**Brief:** The line with "Indicted U.S. Rep.", the line with "AQA Alevel Chemistry", and all lines between them in the material below: return these exactly, and no others.
Entries provided: Begin
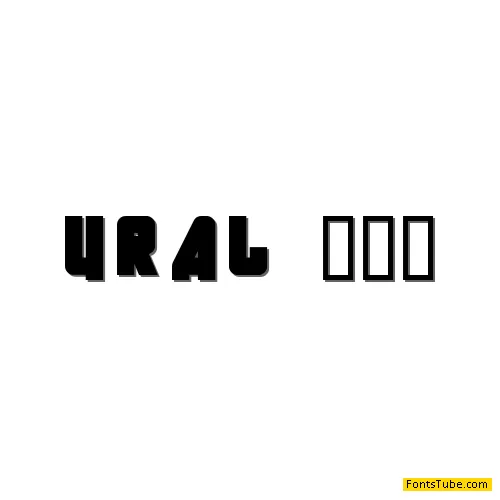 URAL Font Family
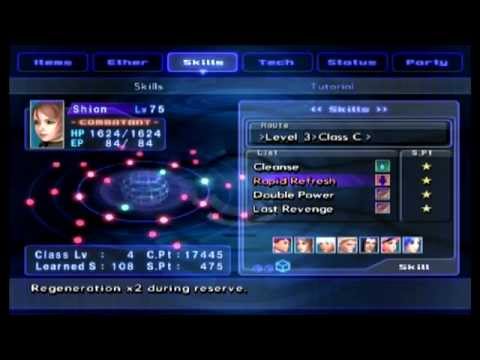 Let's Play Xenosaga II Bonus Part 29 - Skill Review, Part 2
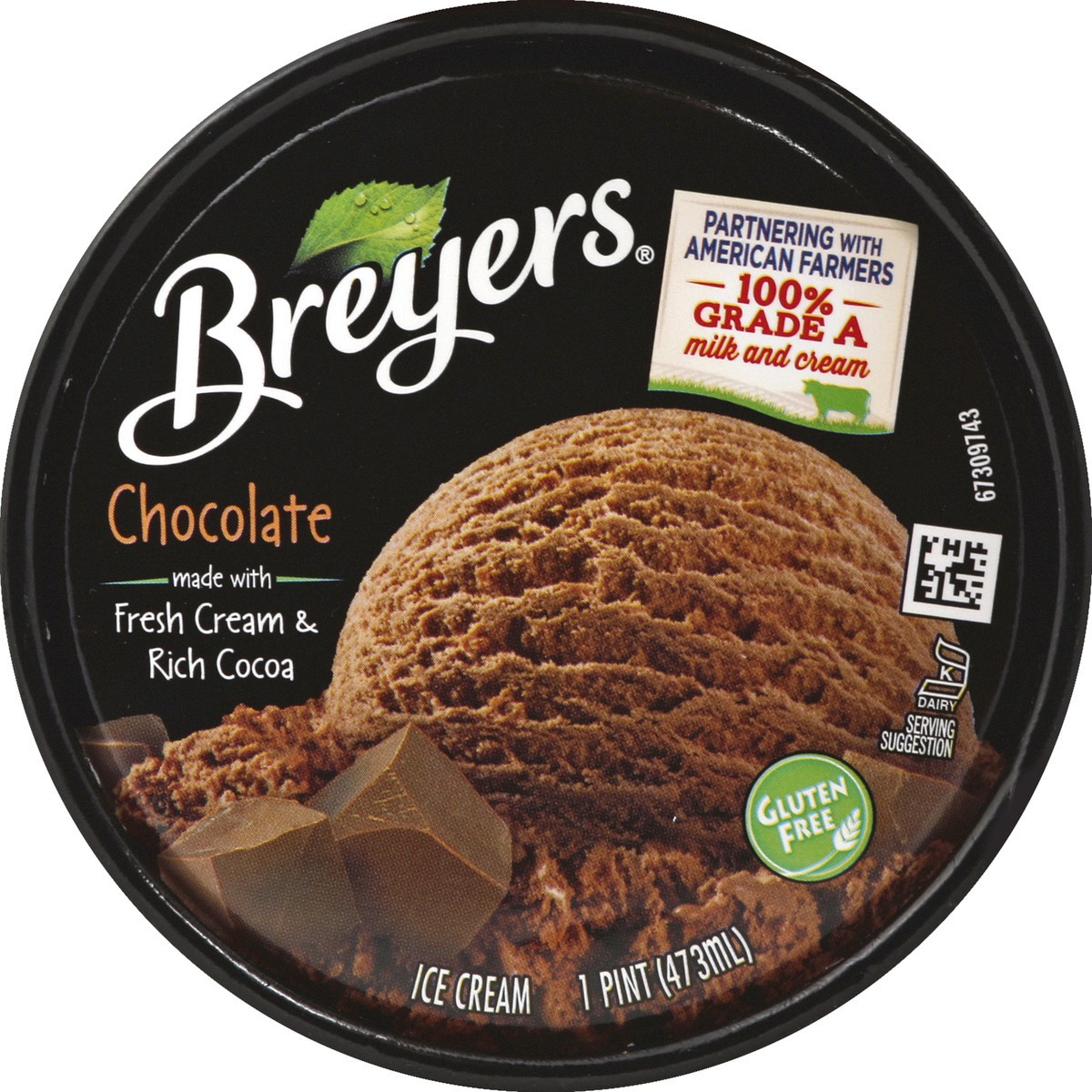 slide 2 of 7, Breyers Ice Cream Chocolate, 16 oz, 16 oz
Entries provided: End
Entries provided: Begin
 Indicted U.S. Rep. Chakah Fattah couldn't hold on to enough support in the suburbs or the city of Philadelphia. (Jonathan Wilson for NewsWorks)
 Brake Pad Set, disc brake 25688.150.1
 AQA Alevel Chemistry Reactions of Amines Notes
Entries provided: End
**Response area:**
 Indicted U.S. Rep. Chakah Fattah couldn't hold on to enough support in the suburbs or the city of Philadelphia. (Jonathan Wilson for NewsWorks)
 Brake Pad Set, disc brake 25688.150.1
 AQA Alevel Chemistry Reactions of Amines Notes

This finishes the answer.